■ TASK GOAL: Repeat each record below exactly as given.
:::
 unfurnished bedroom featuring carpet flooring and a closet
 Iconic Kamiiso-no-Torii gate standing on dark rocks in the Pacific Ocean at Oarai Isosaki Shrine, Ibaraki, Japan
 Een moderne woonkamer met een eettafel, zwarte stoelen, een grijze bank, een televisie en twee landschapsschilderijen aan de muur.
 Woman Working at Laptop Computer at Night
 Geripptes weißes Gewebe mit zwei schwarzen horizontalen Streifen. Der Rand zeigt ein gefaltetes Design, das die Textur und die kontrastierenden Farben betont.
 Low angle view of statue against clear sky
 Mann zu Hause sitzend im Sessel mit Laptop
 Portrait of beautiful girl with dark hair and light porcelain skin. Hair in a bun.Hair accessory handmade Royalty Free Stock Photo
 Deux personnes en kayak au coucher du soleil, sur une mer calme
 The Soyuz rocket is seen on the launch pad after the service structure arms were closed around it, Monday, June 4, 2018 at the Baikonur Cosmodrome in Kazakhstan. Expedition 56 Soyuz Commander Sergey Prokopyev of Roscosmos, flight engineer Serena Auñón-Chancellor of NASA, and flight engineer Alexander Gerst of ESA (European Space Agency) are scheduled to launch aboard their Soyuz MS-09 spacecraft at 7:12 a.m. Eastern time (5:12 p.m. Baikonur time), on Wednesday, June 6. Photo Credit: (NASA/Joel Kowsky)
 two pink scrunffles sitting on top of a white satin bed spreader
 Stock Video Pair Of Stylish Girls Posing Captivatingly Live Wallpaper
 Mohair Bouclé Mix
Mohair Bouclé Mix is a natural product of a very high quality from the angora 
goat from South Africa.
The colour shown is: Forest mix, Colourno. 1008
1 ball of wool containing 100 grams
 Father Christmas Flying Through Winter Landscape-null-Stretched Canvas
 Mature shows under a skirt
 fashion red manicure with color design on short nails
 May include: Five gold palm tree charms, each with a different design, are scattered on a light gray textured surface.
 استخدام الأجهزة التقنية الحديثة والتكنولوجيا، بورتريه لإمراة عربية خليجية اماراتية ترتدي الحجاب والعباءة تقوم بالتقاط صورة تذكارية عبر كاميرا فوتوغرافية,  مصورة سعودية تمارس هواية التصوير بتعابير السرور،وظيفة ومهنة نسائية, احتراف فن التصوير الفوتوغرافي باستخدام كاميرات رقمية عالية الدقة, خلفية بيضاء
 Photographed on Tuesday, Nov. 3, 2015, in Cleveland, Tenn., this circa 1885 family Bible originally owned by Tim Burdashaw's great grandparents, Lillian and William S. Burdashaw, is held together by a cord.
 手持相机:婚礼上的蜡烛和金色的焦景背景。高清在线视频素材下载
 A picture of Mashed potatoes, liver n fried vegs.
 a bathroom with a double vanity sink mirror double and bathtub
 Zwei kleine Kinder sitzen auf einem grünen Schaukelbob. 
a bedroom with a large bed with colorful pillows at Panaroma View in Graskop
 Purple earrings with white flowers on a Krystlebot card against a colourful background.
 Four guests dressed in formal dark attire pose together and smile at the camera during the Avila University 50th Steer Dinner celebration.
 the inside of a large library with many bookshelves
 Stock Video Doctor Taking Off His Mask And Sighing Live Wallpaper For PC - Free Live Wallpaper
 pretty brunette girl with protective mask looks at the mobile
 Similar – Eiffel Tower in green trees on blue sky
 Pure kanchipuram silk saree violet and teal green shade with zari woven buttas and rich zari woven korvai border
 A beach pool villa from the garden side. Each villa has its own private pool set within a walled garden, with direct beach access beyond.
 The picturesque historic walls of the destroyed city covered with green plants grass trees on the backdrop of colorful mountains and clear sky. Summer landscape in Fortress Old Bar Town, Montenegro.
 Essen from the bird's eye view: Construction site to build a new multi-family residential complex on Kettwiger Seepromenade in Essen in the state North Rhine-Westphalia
:::
■ SOLUTION FOR THIS PROBLEM:
 unfurnished bedroom featuring carpet flooring and a closet
 Iconic Kamiiso-no-Torii gate standing on dark rocks in the Pacific Ocean at Oarai Isosaki Shrine, Ibaraki, Japan
 Een moderne woonkamer met een eettafel, zwarte stoelen, een grijze bank, een televisie en twee landschapsschilderijen aan de muur.
 Woman Working at Laptop Computer at Night
 Geripptes weißes Gewebe mit zwei schwarzen horizontalen Streifen. Der Rand zeigt ein gefaltetes Design, das die Textur und die kontrastierenden Farben betont.
 Low angle view of statue against clear sky
 Mann zu Hause sitzend im Sessel mit Laptop
 Portrait of beautiful girl with dark hair and light porcelain skin. Hair in a bun.Hair accessory handmade Royalty Free Stock Photo
 Deux personnes en kayak au coucher du soleil, sur une mer calme
 The Soyuz rocket is seen on the launch pad after the service structure arms were closed around it, Monday, June 4, 2018 at the Baikonur Cosmodrome in Kazakhstan. Expedition 56 Soyuz Commander Sergey Prokopyev of Roscosmos, flight engineer Serena Auñón-Chancellor of NASA, and flight engineer Alexander Gerst of ESA (European Space Agency) are scheduled to launch aboard their Soyuz MS-09 spacecraft at 7:12 a.m. Eastern time (5:12 p.m. Baikonur time), on Wednesday, June 6. Photo Credit: (NASA/Joel Kowsky)
 two pink scrunffles sitting on top of a white satin bed spreader
 Stock Video Pair Of Stylish Girls Posing Captivatingly Live Wallpaper
 Mohair Bouclé Mix
Mohair Bouclé Mix is a natural product of a very high quality from the angora 
goat from South Africa.
The colour shown is: Forest mix, Colourno. 1008
1 ball of wool containing 100 grams
 Father Christmas Flying Through Winter Landscape-null-Stretched Canvas
 Mature shows under a skirt
 fashion red manicure with color design on short nails
 May include: Five gold palm tree charms, each with a different design, are scattered on a light gray textured surface.
 استخدام الأجهزة التقنية الحديثة والتكنولوجيا، بورتريه لإمراة عربية خليجية اماراتية ترتدي الحجاب والعباءة تقوم بالتقاط صورة تذكارية عبر كاميرا فوتوغرافية,  مصورة سعودية تمارس هواية التصوير بتعابير السرور،وظيفة ومهنة نسائية, احتراف فن التصوير الفوتوغرافي باستخدام كاميرات رقمية عالية الدقة, خلفية بيضاء
 Photographed on Tuesday, Nov. 3, 2015, in Cleveland, Tenn., this circa 1885 family Bible originally owned by Tim Burdashaw's great grandparents, Lillian and William S. Burdashaw, is held together by a cord.
 手持相机:婚礼上的蜡烛和金色的焦景背景。高清在线视频素材下载
 A picture of Mashed potatoes, liver n fried vegs.
 a bathroom with a double vanity sink mirror double and bathtub
 Zwei kleine Kinder sitzen auf einem grünen Schaukelbob. 
a bedroom with a large bed with colorful pillows at Panaroma View in Graskop
 Purple earrings with white flowers on a Krystlebot card against a colourful background.
 Four guests dressed in formal dark attire pose together and smile at the camera during the Avila University 50th Steer Dinner celebration.
 the inside of a large library with many bookshelves
 Stock Video Doctor Taking Off His Mask And Sighing Live Wallpaper For PC - Free Live Wallpaper
 pretty brunette girl with protective mask looks at the mobile
 Similar – Eiffel Tower in green trees on blue sky
 Pure kanchipuram silk saree violet and teal green shade with zari woven buttas and rich zari woven korvai border
 A beach pool villa from the garden side. Each villa has its own private pool set within a walled garden, with direct beach access beyond.
 The picturesque historic walls of the destroyed city covered with green plants grass trees on the backdrop of colorful mountains and clear sky. Summer landscape in Fortress Old Bar Town, Montenegro.
 Essen from the bird's eye view: Construction site to build a new multi-family residential complex on Kettwiger Seepromenade in Essen in the state North Rhine-Westphalia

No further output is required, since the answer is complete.